L’enquête relève quatre usages majeurs, retrouvés chez plus de la moitié des utilisateurs du glyphosate lutte contre les vivaces ; destruction de repousses ou d’annuelles en interculture courte d’été ; destruction de repousses ou d’annuelles en interculture longue ; entretien des bords de ferme.
Il apparaît que les répondants en système labouré sont plutôt des utilisateurs ponctuels de glyphosate (1 année sur 3), sur des surfaces limitées (moins de la moitié de l’exploitation), à des doses assez importantes. À l’inverse, les répondants en non-labour sont des utilisateurs plus fréquents de glyphosate (tous les ans), sur des surfaces importantes (toute la SAU traitée) mais à doses faibles.
«Ces usages, surtout d’interculture, sont pleinement justifiés car efficaces et peu chers», précise l’étude. Ce qui fait dire aux quatre instituts que «l’élément important à retenir est que l’usage de glyphosate n’est pas irraisonné il est utilisé dans des situations le requérant».
Interrogés sur d’éventuelles solutions, les utilisateurs de glyphosate déclarent à 90% vouloir intensifier les déchaumages et passages mécaniques avant le semis, à 84% les faux semis, à 75% les interventions mécaniques dans les intercultures et les cultures, à 55% le labour.
Travail du sol intensif
Ce recours au travail du sol implique de se rééquiper pour 67% d’entre eux, avec «d’importantes conséquences économiques (investissements), agronomiques (érosion, matière organique…), environnementales (consommation de carburant, bilan carbone…), organisationnelle (capacité à travailler toute la surface, main-d’œuvre, jours disponibles)», soulignent les instituts.
D’autres inquiétudes sur la fin du glyphosate portent sur «de probables recrudescences de vivaces et d’adventices annuelles», voire des risques sanitaires accrus (ergot, adventices allergisantes ou toxiques). «La viabilité d’exploitations ou de systèmes» est même remise en cause, à l’instar de l’agriculture de conservation des sols.
En répondant à cette enquête, les agriculteurs ont exprimé leurs nombreuses inquiétudes sur l’après glyphosate. Par ailleurs, ils pointent, les «incohérences» liées au retrait du produit, dans leurs commentaires libres. Notamment, le retour à un travail du sol intensif va à l’opposé des objectifs nationaux de réduction du CO2 et des exigences de gestion des couverts obligatoires dans le cadre de la directive Nitrates.

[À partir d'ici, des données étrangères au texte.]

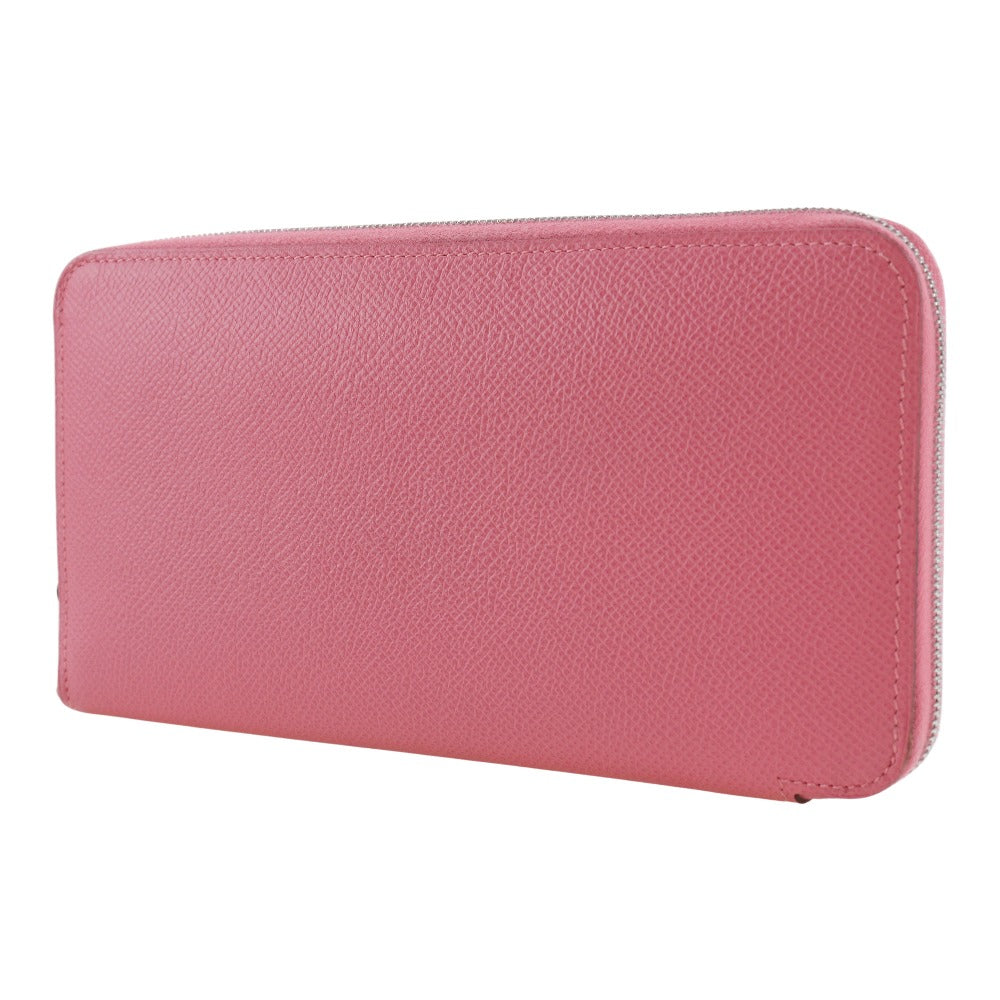 HERMES Long Wallet Purse Epsom pink Azap Long Silk Inn Women Used Authentic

Qui sont les utilisateurs de glyphosate ?Les agriculteurs en système de labour sont plutôt des utilisateurs ponctuels de glyphosate (une année sur trois), sur des surfaces limitées (moins de la moitié de l’exploitation), à des doses assez importantes (environ 3 l/ha, variables selon les usages jusqu’à 5 l/ha sur les vivaces).
À l’inverse, les agriculteurs en système de non-labour sont des utilisateurs plus fréquents de glyphosate (tous les ans), sur des surfaces importantes (toute la SAU traitée) mais à doses faibles (environ 1 l/ha, voire moins en interculture d’été). Les quatre instituts techniques réalisateurs de l’enquête (Arvalis, Fnams, ITB, Terres Inovia) rappellent que les doses homologuées, pour une spécialité à 360 g/l de glyphosate, varient de 3 à 7 l/ha en fonction de la cible visée. |
Utilisation du glyphosate en fonction des usages autorisés
Six usages du glyphosate ressortent comme prépondérants (au-delà de 30% d’utilisateurs), et quatre comme majeurs (au-delà de 50%). Ces quatre derniers sont la lutte contre les vivaces, la destruction de repousses ou annuelles en interculture courte d’été, la destruction de repousses ou annuelles en interculture longue, l’entretien des bords de ferme. En regroupant les quatre principaux usages, nous arrivons à un taux de réponse de 77,9%, très largement en tête des usages, avec l’usage “vivaces” à 73,2%.